The Shanghai Composite Index ended at 3,971.257 points, leaving it down 35 percent from October's record intra-day high. Falling stocks in Shanghai overwhelmed gainers by 802 to 96, while turnover in Shanghai A shares rose to 96.0 billion yuan ($13.5 billion) from Wednesday's 88.3 billion yuan.
But the index came well off Thursday's low of 3,902.248 points, because of a burst of buying during the last half-hour in a few blue chips such as telecommunications giant China Unicom, which surged 7.43 percent to 9.69 yuan.
Fund managers and analysts said they saw no strong reason for Unicom's rise, but that some funds had apparently concluded the stock had dropped to reasonable levels. Unicom bounced from just above technical support at 8.26 yuan, its November low.
This week's news that February consumer price inflation hit a fresh 11-year high of 8.7 percent fuelled fears that authorities might tighten monetary policy. Those fears seem overdone to some fund managers and to the bond market, which has remained steady since the data.
"Investors are worrying too much about the impact of monetary tightening.

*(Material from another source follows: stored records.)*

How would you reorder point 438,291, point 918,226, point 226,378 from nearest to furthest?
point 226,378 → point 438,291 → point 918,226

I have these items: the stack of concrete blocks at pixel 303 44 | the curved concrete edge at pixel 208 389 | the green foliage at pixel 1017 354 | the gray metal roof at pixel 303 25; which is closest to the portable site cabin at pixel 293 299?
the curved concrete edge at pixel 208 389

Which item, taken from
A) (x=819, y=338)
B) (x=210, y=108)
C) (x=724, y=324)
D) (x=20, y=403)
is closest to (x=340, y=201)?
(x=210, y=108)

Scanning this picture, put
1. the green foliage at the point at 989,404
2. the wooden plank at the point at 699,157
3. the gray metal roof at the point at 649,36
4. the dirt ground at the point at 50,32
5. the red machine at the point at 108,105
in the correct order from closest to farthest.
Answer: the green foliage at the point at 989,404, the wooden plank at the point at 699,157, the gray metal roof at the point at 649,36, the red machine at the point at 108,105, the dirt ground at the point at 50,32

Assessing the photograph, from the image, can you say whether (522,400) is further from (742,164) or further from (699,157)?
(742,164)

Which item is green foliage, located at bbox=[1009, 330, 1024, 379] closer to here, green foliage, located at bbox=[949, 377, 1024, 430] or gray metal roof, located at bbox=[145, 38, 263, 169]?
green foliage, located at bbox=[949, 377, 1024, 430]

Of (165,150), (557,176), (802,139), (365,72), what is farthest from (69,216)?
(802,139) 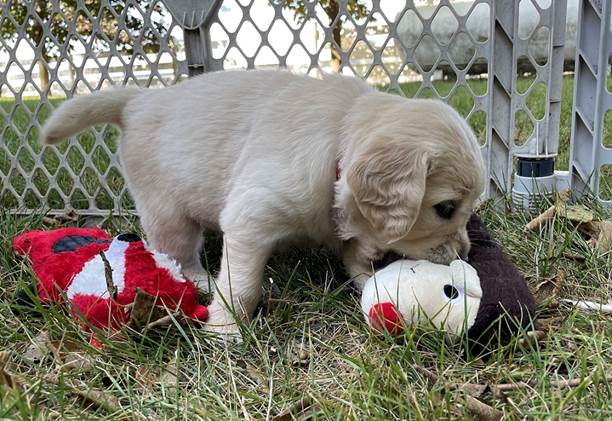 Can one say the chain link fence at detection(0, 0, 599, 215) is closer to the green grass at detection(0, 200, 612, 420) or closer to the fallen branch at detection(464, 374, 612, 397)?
the green grass at detection(0, 200, 612, 420)

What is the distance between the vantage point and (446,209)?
2.10m

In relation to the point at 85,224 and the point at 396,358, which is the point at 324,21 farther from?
the point at 396,358

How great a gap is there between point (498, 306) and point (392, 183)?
19.5 inches

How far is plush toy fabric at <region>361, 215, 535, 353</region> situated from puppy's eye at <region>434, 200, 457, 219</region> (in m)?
Result: 0.16

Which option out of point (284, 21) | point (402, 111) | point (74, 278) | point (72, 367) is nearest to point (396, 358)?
point (402, 111)

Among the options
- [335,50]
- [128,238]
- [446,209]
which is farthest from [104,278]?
[335,50]

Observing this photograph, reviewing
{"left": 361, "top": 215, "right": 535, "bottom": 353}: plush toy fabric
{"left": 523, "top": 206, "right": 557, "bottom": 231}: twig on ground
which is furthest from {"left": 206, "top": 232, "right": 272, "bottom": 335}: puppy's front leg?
{"left": 523, "top": 206, "right": 557, "bottom": 231}: twig on ground

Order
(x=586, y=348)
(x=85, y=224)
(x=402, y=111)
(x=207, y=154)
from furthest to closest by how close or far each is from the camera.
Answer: (x=85, y=224), (x=207, y=154), (x=402, y=111), (x=586, y=348)

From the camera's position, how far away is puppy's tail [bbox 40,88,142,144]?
2.76 meters

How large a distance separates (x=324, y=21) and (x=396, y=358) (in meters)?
2.04

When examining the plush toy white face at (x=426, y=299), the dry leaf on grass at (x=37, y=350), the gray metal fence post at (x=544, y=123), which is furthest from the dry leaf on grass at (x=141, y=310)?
the gray metal fence post at (x=544, y=123)

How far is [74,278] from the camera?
2.19 metres

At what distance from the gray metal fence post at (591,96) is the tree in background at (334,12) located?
117cm

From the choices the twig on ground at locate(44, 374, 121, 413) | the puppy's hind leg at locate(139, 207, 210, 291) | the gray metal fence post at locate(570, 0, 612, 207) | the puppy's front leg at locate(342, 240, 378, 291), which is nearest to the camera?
the twig on ground at locate(44, 374, 121, 413) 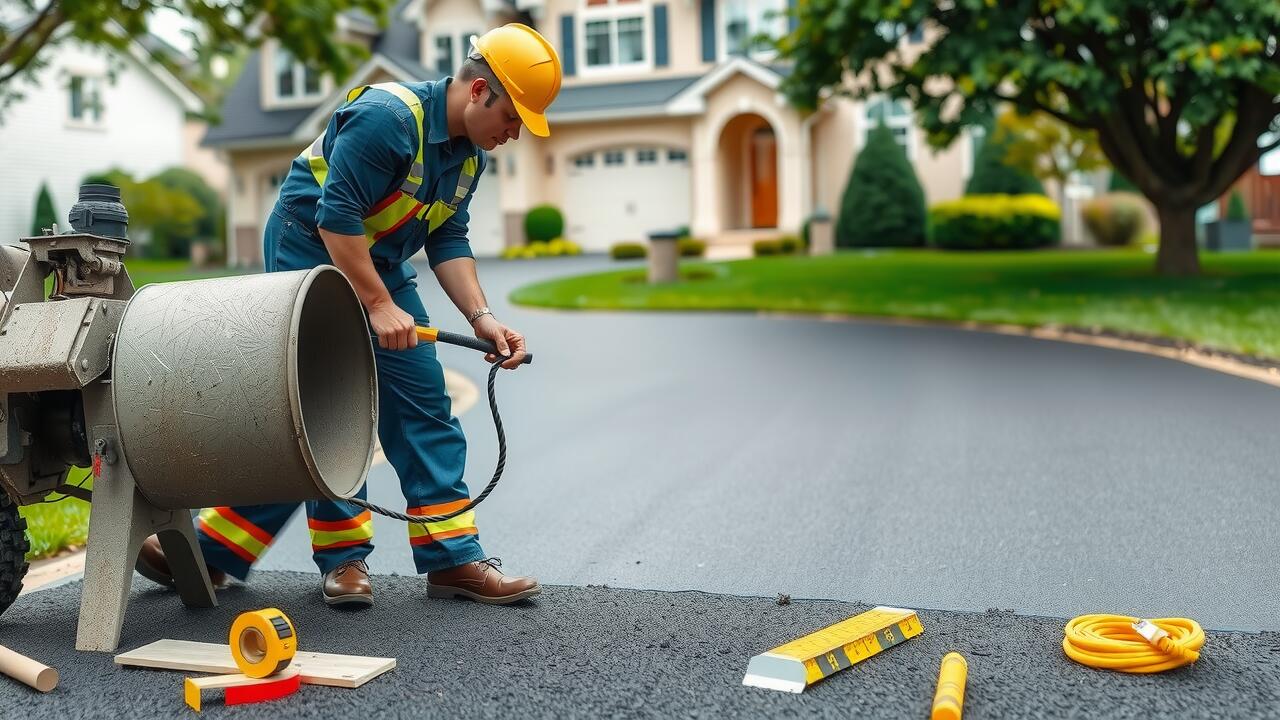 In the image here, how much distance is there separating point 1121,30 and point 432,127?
1280cm

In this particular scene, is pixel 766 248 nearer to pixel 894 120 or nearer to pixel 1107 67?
pixel 894 120

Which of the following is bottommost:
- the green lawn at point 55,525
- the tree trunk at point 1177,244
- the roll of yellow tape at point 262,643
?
the green lawn at point 55,525

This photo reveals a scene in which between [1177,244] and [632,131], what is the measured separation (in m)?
14.9

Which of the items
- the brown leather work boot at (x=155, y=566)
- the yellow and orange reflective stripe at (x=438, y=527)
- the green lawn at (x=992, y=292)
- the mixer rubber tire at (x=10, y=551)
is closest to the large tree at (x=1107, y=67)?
→ the green lawn at (x=992, y=292)

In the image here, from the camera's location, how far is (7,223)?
3128 centimetres

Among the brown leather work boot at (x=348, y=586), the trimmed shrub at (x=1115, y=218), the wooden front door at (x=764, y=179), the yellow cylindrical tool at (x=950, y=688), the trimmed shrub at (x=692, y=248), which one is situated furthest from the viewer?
the wooden front door at (x=764, y=179)

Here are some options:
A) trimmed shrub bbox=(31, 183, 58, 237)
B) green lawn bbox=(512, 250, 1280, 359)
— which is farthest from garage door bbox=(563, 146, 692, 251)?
trimmed shrub bbox=(31, 183, 58, 237)

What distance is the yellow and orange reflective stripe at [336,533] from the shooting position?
14.7 feet

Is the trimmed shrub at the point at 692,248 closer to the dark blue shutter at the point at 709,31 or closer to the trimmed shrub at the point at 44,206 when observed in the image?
the dark blue shutter at the point at 709,31

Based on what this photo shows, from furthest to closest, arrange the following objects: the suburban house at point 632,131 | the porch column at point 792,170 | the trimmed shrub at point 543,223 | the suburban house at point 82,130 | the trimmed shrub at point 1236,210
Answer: the suburban house at point 82,130 < the trimmed shrub at point 543,223 < the suburban house at point 632,131 < the porch column at point 792,170 < the trimmed shrub at point 1236,210

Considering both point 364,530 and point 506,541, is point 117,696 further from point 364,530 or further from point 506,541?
point 506,541

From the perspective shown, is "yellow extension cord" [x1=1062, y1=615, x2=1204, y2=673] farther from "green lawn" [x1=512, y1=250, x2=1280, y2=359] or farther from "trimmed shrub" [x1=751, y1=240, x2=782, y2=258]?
"trimmed shrub" [x1=751, y1=240, x2=782, y2=258]

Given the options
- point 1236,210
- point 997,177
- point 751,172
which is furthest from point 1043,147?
point 751,172

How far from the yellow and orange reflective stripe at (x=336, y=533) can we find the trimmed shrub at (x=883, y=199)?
80.1 ft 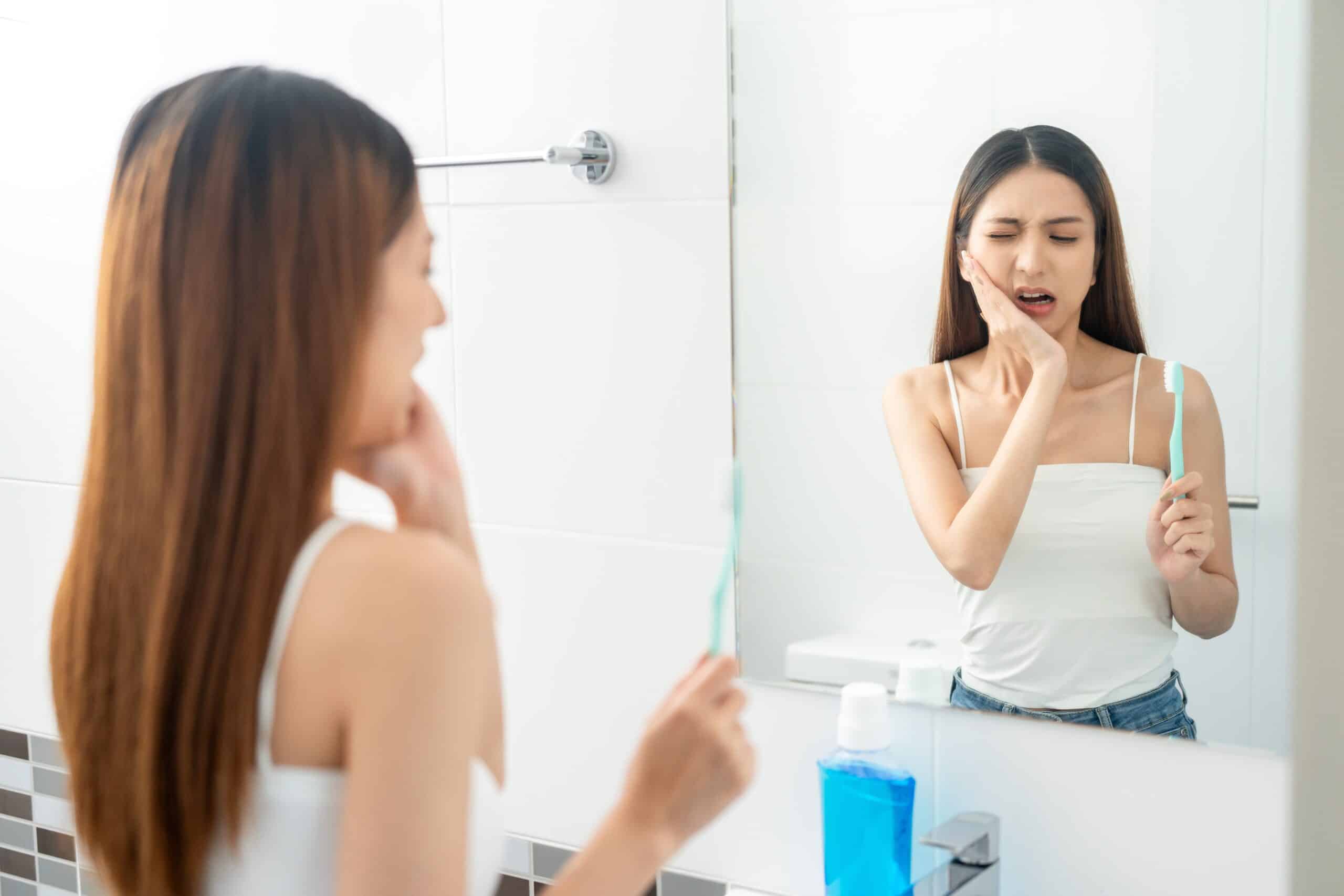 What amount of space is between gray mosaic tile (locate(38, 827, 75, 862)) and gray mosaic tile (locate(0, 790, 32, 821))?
0.10 ft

It won't be that awful," said Chen Ge, who helps manage 11.8 billion yuan of assets at Fullgoal Fund Management.
Merchants Bank, a favourite of fund managers, rose 2.02 percent to 30.27 yuan. But most banks were lower, with Industrial & Commercial Bank of China, the biggest, sliding 3.80 percent to 5.82 yuan. Shanghai International Airport, which plunged its 10 percent daily limit on Wednesday after saying a new fee structure would cut its income by about 10 percent, fell a further 9.29 percent to 24.30 yuan.